In addition, the trial court found that Ms. Keo was entitled to damages. More specifically, the trial court found that Ms. Keo was entitled to loss of income in the amount of $20,388.24 for the months of November 2019, December 2019, and January 2020, representing the time during which Ms. Keo was unable to operate the business prior to opening a new donut shop. The trial court also awarded Ms. Keo the $2,340.00 for moving expenses she incurred when she moved into the new donut shop location, along with $4,866.94 for the cost of installing the sign at the new location.

The trial court signed a judgment on March 24, 2022, in conformity with its written reasons, ordering Mr. Heng to specifically perform on the purchase agreement by transferring 100% of the business to Ms. Keo and awarding Ms. Keo damages in the amount of $20,388.24 for lost income, $2,340 for moving expenses, and $4,866.94 for the cost of installing a sign at the new location. From this judgment Mr. Heng has appealed.

The trial court's award of $20,388.24 was for loss of income for the months of November 2019, December 2019, and January 2020—the time during which Ms. Keo was unable to operate the business prior to opening a new location—and these sums were based on the monthly business loss supplied by State Farm in adjusting the claim.

The March 24, 2022 judgment on appeal is an amended judgment. The original judgment was signed by the trial court on October 12, 2021. However, on March 14, 2022, after Mr. Heng's appeal was lodged with this Court and the record was examined, this Court issued a rule to show cause why the appeal should not be dismissed because the October 12, 2021 judgment was defective in that it referenced a document that was not attached to the judgment. Thereafter, the amended judgment was signed and supplemented into the record. Therefore, Mr. Heng's appeal was maintained. See Pahna Keo v. Maline Heng, 2022-0130 (La. App. 1st Cir. 4/22/22)( unpublished action).
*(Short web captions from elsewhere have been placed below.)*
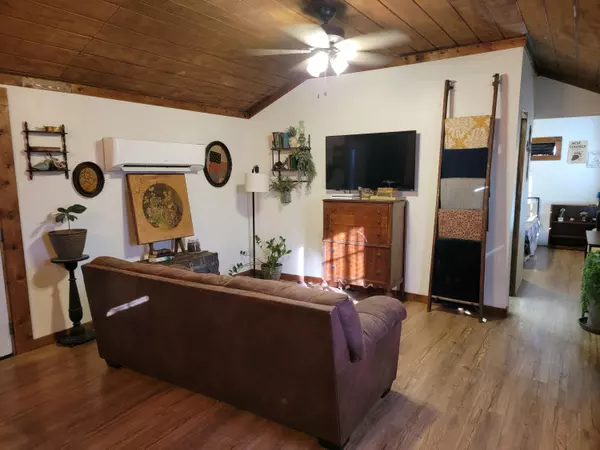 Aurora, MO 65605,17196 Farm Road 2030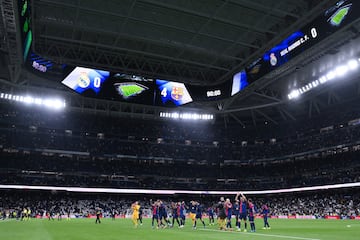 Los jugadores del FC Barcelona celebran la victoria mientras las pantallas LED del estadio muestran el marcador final durante el partido de la jornada 11 entre el Real Madrid CF y el FC Barcelona en el Estadio Santiago Bernab谷u, el 26 de octubre de 2024 en Madrid. El equipo catal芍n gan車 por un contundente 0-4. Lewandowski con dos goles, Lamine Yamal y Raphinha, los goleadores.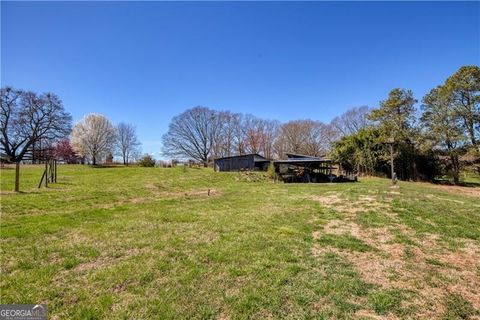 A home in Dawsonville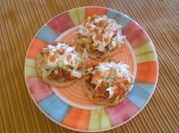 Una foto de sopes con maseca con papa
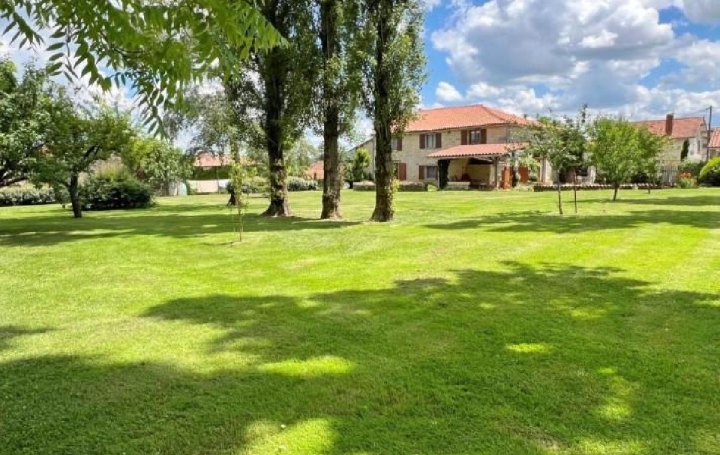 Maison CELLEFROUIN (16260)  270 m2 342 600 € 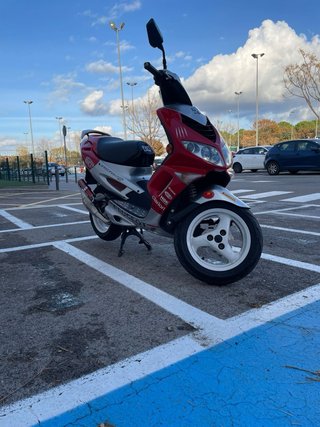 Peugeot Speedfight 2 2006 Rojo/Plata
On appeal, Mr. Heng raises five assignments of error. Essentially, Mr. Heng argues that the trial court erred in: granting specific performance in favor of Ms. Keo and against Mr. Heng, ordering Mr. Heng to transfer ownership of 100% of the business to Ms. Keo, and awarding damages to Ms. Keo for moving expenses and installation of a new sign.
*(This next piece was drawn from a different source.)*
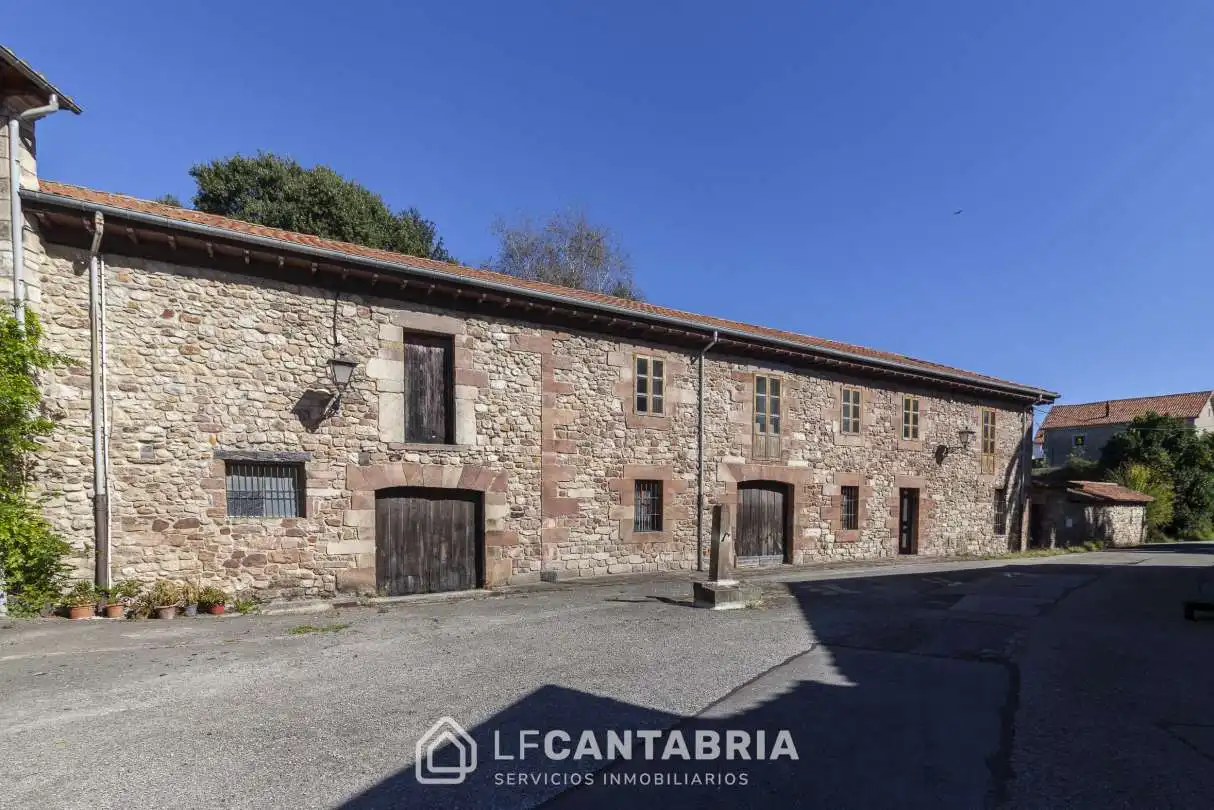 Vista exterior de Casa o xalet en venda en Torrelavega  amb Jardí privat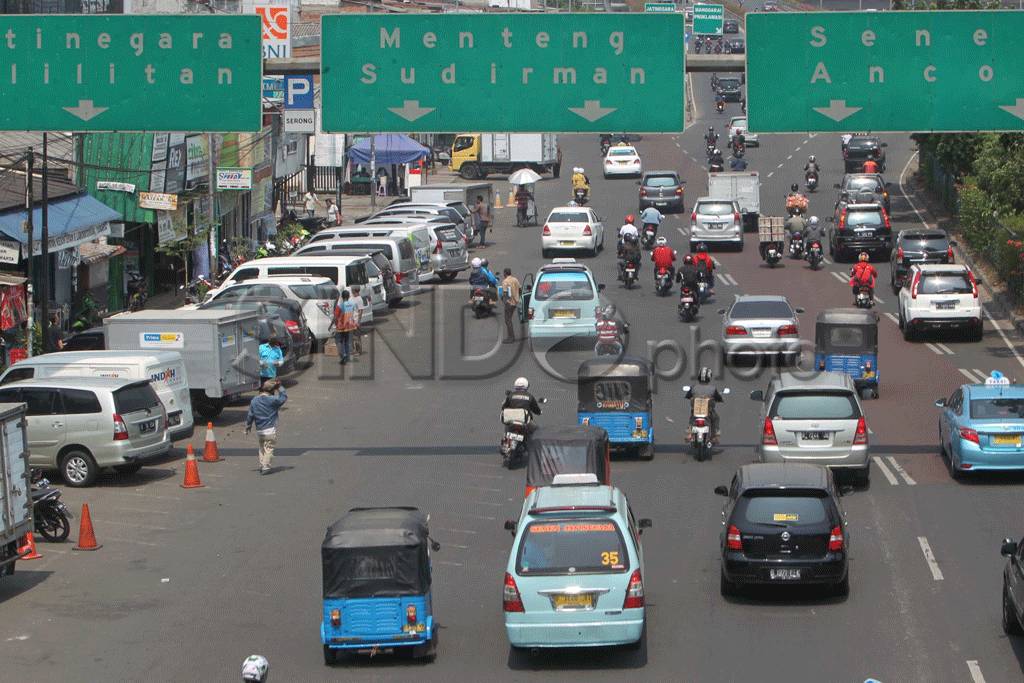 Tak Takut Denda, Puluhan...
We note that Mr. Heng argues on appeal that the trial court erred in finding that Ms. Keo was a named insured or an additional insured on the State Farm policy and erred in finding that Ms. Keo was entitled to 100% ownership of the State Farm insurance proceeds. However, the trial court's judgment makes no such finding and contains no references to a named insured, additional insured, or ownership of the insurance proceeds. Notably, the trial court's reasons for judgment reflect that it found that Delicious Donuts was a named insured, that State Farm made claims payments for Delicious Donuts' loss of business income, that Mr. Heng's failure to remit the $41,962.42 check from State Farm to Delicious Donuts for loss of business income was a breach of the purchase agreement and further, that his receipt and personal use of said sum constituted part of the requisite $96,000 required for Ms. Keo's purchase of Delicious Donuts.
It is well settled that appeals are taken from judgments, not reasons for judgment. Wooley v. Lucksinger, 2009-0571 (La. 4/1/11), 61 So.3d 507, 572. However, a trial court's reasons for judgment may elucidate the trial court's thought process when reaching factual findings. Therefore, we will address the State Farm insurance proceeds, and the trial court's reasons for judgment when addressing the issue of whether Ms. Keo was entitled to specific performance under the contract, as set forth in the judgment on appeal.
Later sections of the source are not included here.